- **What is required**: What you return must match, exactly, the lines running from the one containing "Two black and" to the end of the data, both included, and must contain no pictures.

- **Data segment**:
______________________________
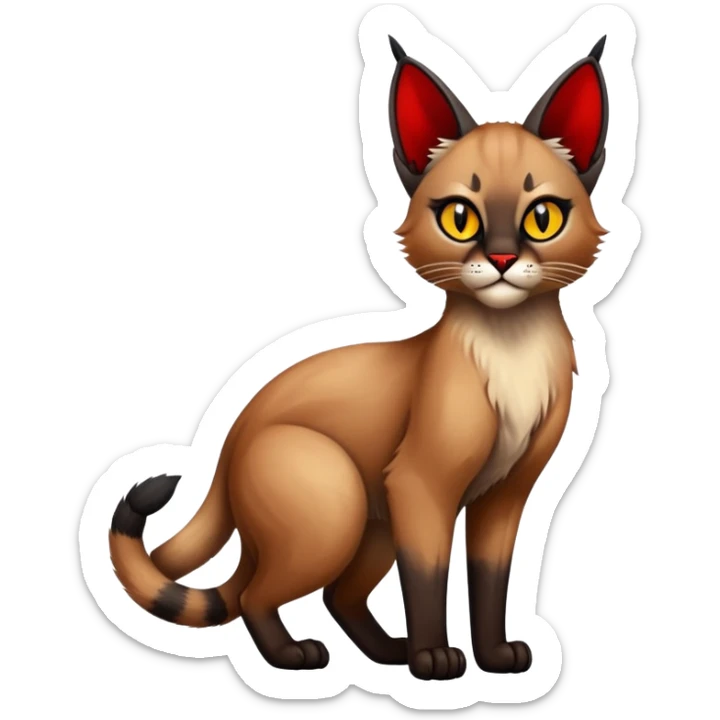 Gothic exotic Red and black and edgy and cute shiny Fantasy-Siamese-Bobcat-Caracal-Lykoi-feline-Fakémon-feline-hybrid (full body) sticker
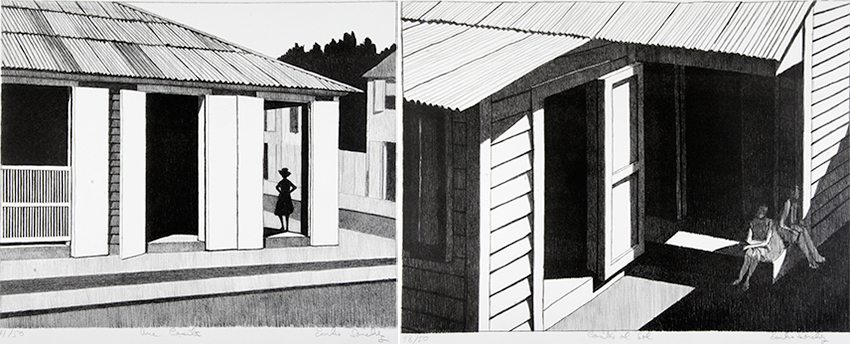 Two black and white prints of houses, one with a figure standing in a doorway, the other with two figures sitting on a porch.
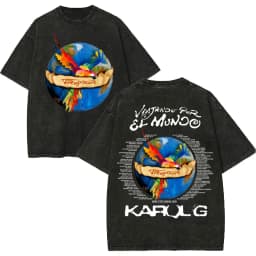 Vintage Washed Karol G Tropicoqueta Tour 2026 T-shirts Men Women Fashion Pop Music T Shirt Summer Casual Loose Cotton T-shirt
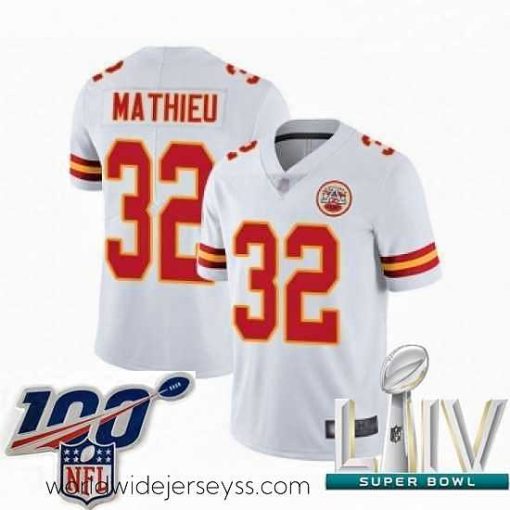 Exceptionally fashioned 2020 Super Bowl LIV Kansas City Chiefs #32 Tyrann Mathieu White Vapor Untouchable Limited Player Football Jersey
______________________________
- **Exercise output**:
 Two black and white prints of houses, one with a figure standing in a doorway, the other with two figures sitting on a porch.
 Vintage Washed Karol G Tropicoqueta Tour 2026 T-shirts Men Women Fashion Pop Music T Shirt Summer Casual Loose Cotton T-shirt
 Exceptionally fashioned 2020 Super Bowl LIV Kansas City Chiefs #32 Tyrann Mathieu White Vapor Untouchable Limited Player Football Jersey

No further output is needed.